Arbeitgeber kritisieren kurzfristige Ausstände
Verdi will einen Vertrag für zwölf Monate und darin die Stundenlöhne um mindestens einen Euro erhöhen. Die Gehälter der Gepäck- und Personalkontrolleure sollen das Niveau der Beschäftigten bei der Passagierkontrolle erreichen, Beschäftigte in der Flugzeugbewachung und der Bordkartenkontrolle bundesweit einheitlich bezahlt werden.
Der Arbeitgeberverband BDLS kritisierte die Forderungen von Verdi als "utopisch". Die Gewerkschaft habe für die Luftsicherheitskräfte Forderungen von bis zu 40 Prozent Erhöhung aufgestellt, beharre seit Beginn der Tarifrunde auf diesen und verweigere sich in nunmehr drei Tarifrundenden ernsthaften Verhandlungen. "Verdi vertritt unter anderem und unabhängig aller Gespräche und Angebote weiter die utopische Haltung, den höchsten Lohn in der Luftsicherheit noch einmal anzuheben und dann andere Lohngruppen an diesen Lohn anzugleichen. Jedem dürfte klar sein, dass dies nicht darstellbar ist und keine jeder Grundlage für eine Verhandlung entbehrt“, erklärt BDLS-Verhandlungsführer Rainer Friebertshäuser.

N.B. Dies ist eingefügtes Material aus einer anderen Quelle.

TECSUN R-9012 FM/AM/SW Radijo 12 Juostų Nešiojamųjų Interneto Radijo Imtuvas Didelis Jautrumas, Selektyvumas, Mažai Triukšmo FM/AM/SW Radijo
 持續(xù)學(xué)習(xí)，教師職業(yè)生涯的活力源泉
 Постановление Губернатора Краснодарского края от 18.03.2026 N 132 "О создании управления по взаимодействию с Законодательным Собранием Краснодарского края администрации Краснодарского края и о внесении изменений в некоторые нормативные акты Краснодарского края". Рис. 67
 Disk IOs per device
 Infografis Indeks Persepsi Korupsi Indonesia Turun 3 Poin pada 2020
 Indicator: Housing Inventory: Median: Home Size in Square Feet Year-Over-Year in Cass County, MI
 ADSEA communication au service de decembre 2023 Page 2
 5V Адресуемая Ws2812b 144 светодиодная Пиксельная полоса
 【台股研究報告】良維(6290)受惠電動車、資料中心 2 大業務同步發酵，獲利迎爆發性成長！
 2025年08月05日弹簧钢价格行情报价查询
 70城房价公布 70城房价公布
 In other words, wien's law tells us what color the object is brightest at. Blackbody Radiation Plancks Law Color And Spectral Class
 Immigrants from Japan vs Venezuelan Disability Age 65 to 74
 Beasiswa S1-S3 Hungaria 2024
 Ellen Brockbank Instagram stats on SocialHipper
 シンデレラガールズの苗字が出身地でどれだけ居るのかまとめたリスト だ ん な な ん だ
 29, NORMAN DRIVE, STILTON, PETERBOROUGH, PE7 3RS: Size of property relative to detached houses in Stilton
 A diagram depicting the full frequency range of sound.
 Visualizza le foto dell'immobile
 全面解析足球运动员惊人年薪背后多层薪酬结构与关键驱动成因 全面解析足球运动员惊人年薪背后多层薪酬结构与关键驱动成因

ADV: "Horrorszenario für die Fluggäste"
"Die kurzfristig angesetzten Arbeitskampfmaßnahmen bedeuten ein Horrorszenario für die Fluggäste, die keine Möglichkeit haben, sich auf die Flugausfälle einzustellen", kritisierte Ralph Beisel, der Hauptgeschäftsführer der Arbeitsgemeinschaft Deutscher Verkehrsflughäfen ADV. Er verwies zugleich auf die hohen Verluste, die die Flughäfen in der Corona-Krise erwirtschaften.
Der Verband kritisierte den Streikaufruf als "nicht verhältnismäßig". "Wir appellieren an die Tarifpartner, zu den strittigen Punkten eine Übereinkunft am Verhandlungstisch zu suchen", sagte Beisel.
Der Frankfurter Betreiber Fraport bat sämtliche Gäste, die in Frankfurt zusteigen wollten, nicht zum Flughafen anzureisen. Es werde während der gesamten Streikdauer keine Möglichkeit geben, den geplanten Flug zu erreichen. Bei den Transitprozessen mit umsteigenden Passagieren rechne man mit Verzögerungen. Man habe kein Verständnis für einen derart umfassenden Streik, der auf dem Rücken der Passagiere ausgetragen werde, sagte ein Unternehmenssprecher. Für Dienstag seien 770 Flugbewegungen geplant gewesen.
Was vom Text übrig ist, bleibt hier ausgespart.